Widodo kini mencoba menenangkan kembali. Pekan lalu dia mengkonfirmasi pemilihan untuk 2024 dan mengumumkan bahwa “fase pendahuluan” akan dimulai pada pertengahan Juni. Sebelumnya, presiden sendiri sempat melontarkan pernyataan yang agak ambigu dan tidak terang-terangan menolak “gagasan” penundaan pemilu dalam waktu yang lama. Keheningannya kurang lebih dianggap sebagai tanda persetujuan.

Pada tahun 2014, Widodo masih dirayakan di seluruh dunia ketika ia pertama kali terpilih. Harapan besar ditempatkan pada politisi populer, yang bekerja dari pedagang furnitur dan walikota ke gubernur Jakarta dan kemudian ke presiden. Terkadang dia disamakan dengan mantan Presiden AS Barack Obama. Tetapi pada awal kepresidenannya, dia mengejutkan pria berusia 60 tahun itu dengan serangkaian keputusan yang keras. Delapan pengedar narkoba yang dihukum, termasuk dua warga Australia, dieksekusi.

Hak asasi manusia tidak menjadi agenda utama di tahun-tahun sejak itu, baik: homoseksual, penduduk lokal Papua Barat, dan minoritas agama telah menderita di bawah kepresidenannya seperti yang mereka alami sebelumnya. “Dukungan retoris Presiden Jokowi untuk hak asasi manusia tidak mengarah pada inisiatif politik yang berarti,” Andreas Harsono, spesialis Indonesia di Human Rights Watch, mengatakan menjelang pemilihan 2019, yang sekali lagi berakhir dengan kemenangan Jokowi. Sampai saat itu, pakar Jerman di Indonesia Markus Metzner mengkritik fakta bahwa presiden menggunakan polisi, militer, gubernur, bupati, dan pejabat negara lainnya dalam kampanyenya lebih besar daripada yang dilakukan para pendahulunya sejak 1998. Tiga tahun lalu , ahli mengingatkan bahwa ini “menurunkan kualitas demokrasi di Indonesia.
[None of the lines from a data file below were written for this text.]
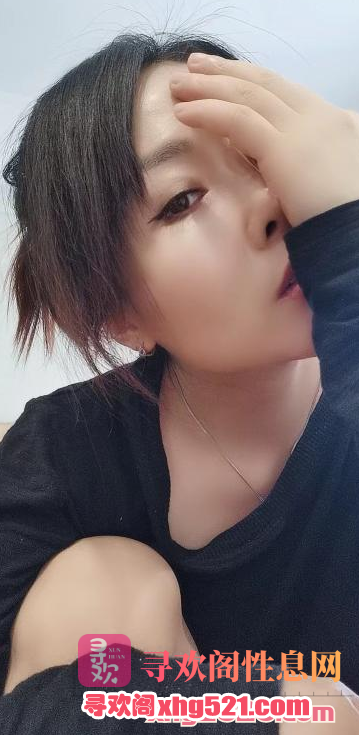 223329ki506mv0l8sqc6dl.png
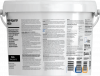 ФОКСЕЛЬ jet2+110 оборот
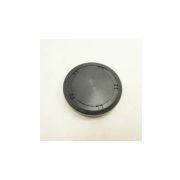 Заглушка ГБЦ NOK EZ2199-D0/MD150785   4G15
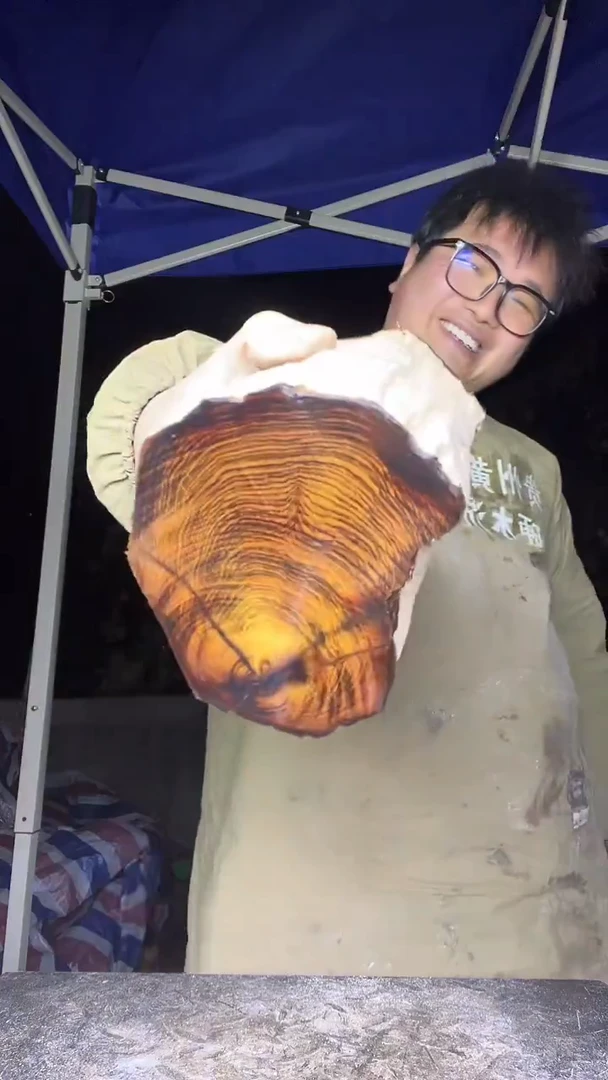 香榧木木头款贵州紫柚木原木82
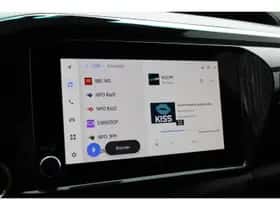 Toyota Hilux (2024) thumbnail 20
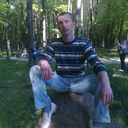 ���������� �����, ���� ������� ����, 36 ���, ������������ 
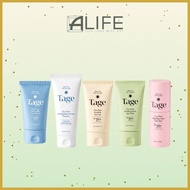 [Tage] Centella Asiatica Sunscreen Stick Sun Serum Sun Gel Sun Cleanser SPF50+ PA++++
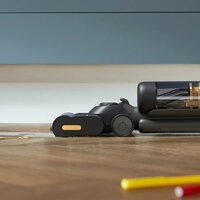 Пылесос Philips 7000-serie AquaTrio XW7264/11 - Превью изображения №10 — Интернет-магазин Teono.by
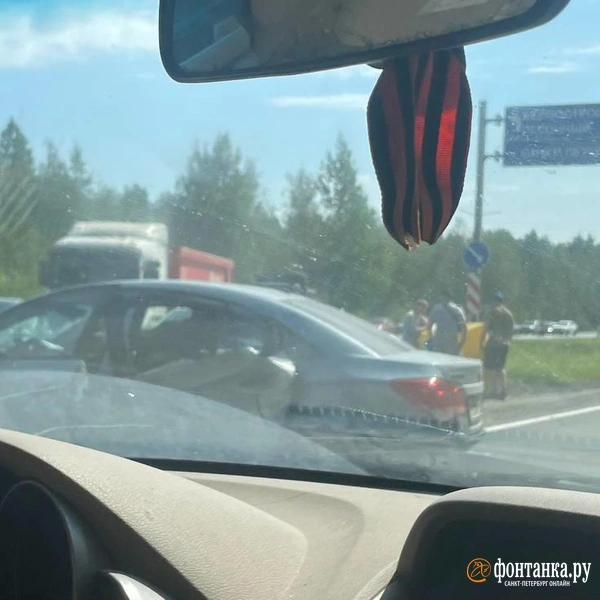 Источник: читатель «Фонтанки»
Baca juga: Lokasi konstruksi besar di tengah hutan. Ironisnya, ibu kota Indonesia di masa depan akan dibangun di surga alam Kalimantan

Masih harus dilihat apakah Jokowi benar dengan kata-katanya dan bahwa pemilihan memang dijadwalkan pada tahun 2024. Jelas bahwa kontroversi mengenai perpanjangan masa jabatan presiden dan pemilihan yang ditunda telah merusak demokrasi yang baru lahir di negara ini.